Filippa van Egmont
Filippa van Egmont | ||
---|---|---|
1467-1547 | ||
Sarcofaag in de Église des Cordeliers te Nancy, ontworpen door Ligier Richier | ||
Sarcofaag in de Église des Cordeliers te Nancy, ontworpen door Ligier Richier
| ||
Hertogin van Lotharingen | ||
Periode | 1 september 1485 - 10 december 1508 | |
Geboren | Grave | |
Vader | Adolf van Egmont | |
Moeder | Catharina van Bourbon |
Filippa van Egmont (Grave, 9 november 1467 - Pont-à-Mousson, 28 februari 1547) was de dochter van Adolf van Egmont en Catharina van Bourbon.
Familie
Filippa was de tweelingzuster van Karel van Gelre en zij werden geboren te Grave in Noord-Brabant. Hun moeder was de dochter van Karel I van Bourbon en Agnes van Bourgondië.
Filippa's grootouders van vaderszijde waren Arnold van Egmont, de hertog van Gelre en Katharina van Kleef. Katharina was de dochter van graaf Adolf IV van Kleef-Mark en zijn tweede vrouw, Maria van Bourgondië.
Van moederszijde was zij een nicht van Peter II van Bourbon die getrouwd was met Anna van Frankrijk. Tot die tak van de familie behoorde ook Louise van Savoye, de moeder van de latere koning Frans I van Frankrijk.
Haar tante was Maria van Egmont-Gelre, koningin en regentes van Schotland.
Levensloop
Om de banden tussen het koninkrijk Frankrijk en het hertogdom Lotharingen te versterken werd Filippa gekozen als bruid van René II van Lotharingen (1451-1508). Het huwelijk werd voltrokken op 1 september 1485 in Orléans.
Na de dood van haar man probeerde Filippa het bestuur van het hertogdom over te laten gaan op haar zoon Anton van Lotharingen die toen 19 jaar oud was. Er werd echter besloten dat hij niet oud genoeg was om alleen te kunnen regeren.
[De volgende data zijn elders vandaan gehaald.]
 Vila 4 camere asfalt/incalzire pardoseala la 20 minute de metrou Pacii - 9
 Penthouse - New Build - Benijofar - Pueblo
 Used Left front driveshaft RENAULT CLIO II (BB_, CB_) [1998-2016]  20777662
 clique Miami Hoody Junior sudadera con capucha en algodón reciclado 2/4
Op 13 juni 1509 verwierf zij de heerlijkheid Mayenne van haar schoonzus Margaretha van Vaudémont, hertogin van Alençon. Zij trok zich op 15 december 1519 terug in het clarissenklooster in Pont-à-Mousson en verbleef daar tot haar dood.
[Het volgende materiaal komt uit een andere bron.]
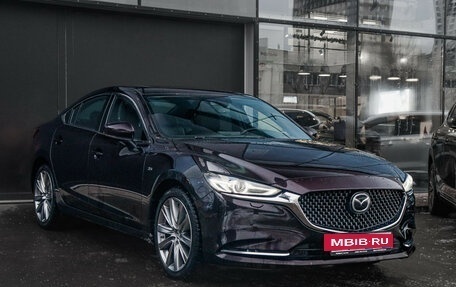 Mazda 6, 2023 год, 3 080 000 рублей, 3 фотография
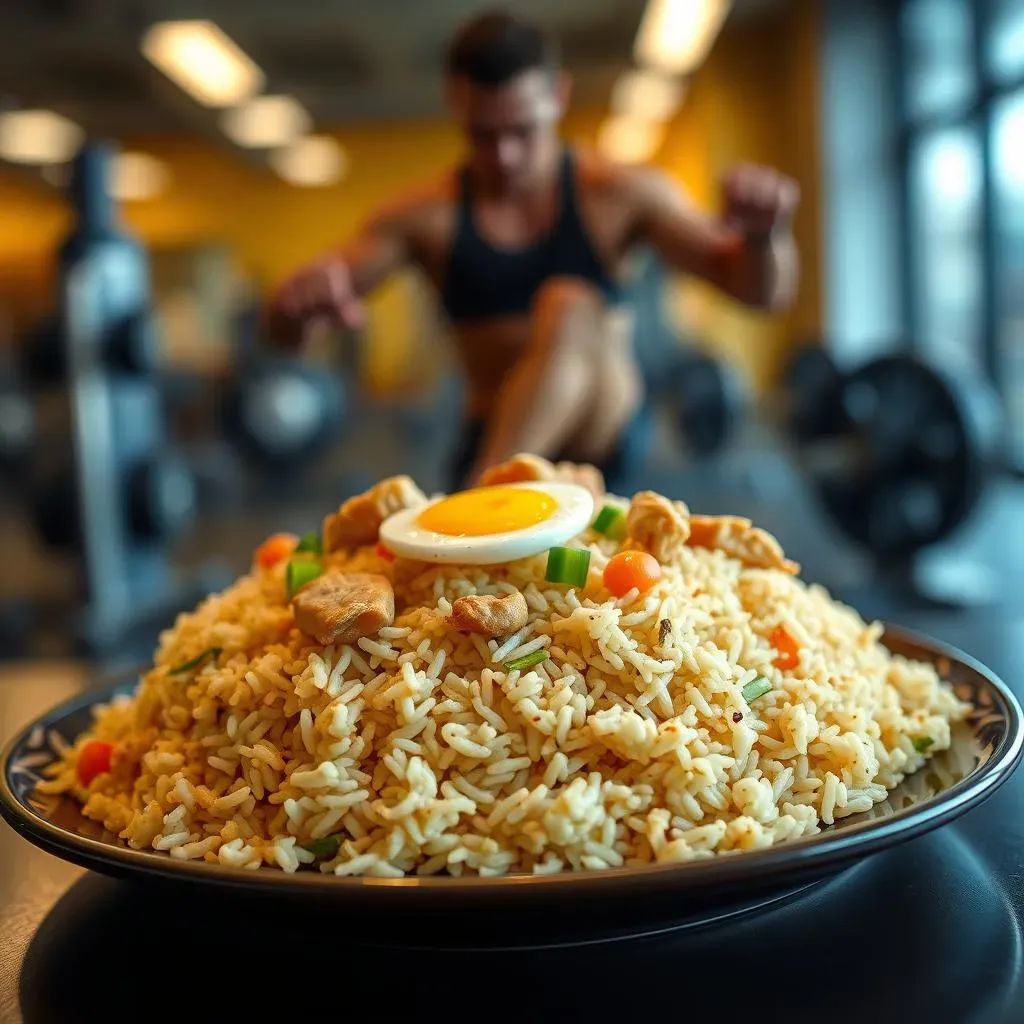 The Science Behind Fried Rice and Muscle Recovery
Haar tweelingbroer Karel van Gelre overleed op 30 juni 1538 zonder nakomelingen. Filippa maakte vervolgens aanspraak op de hertogdommen Gelre en Gulik maar keizer Karel V eiste deze op. Ze dirigeerde de claim op de twee hertogdommen naar haar zoon Anton die ze toevoegde aan zijn wapenschild.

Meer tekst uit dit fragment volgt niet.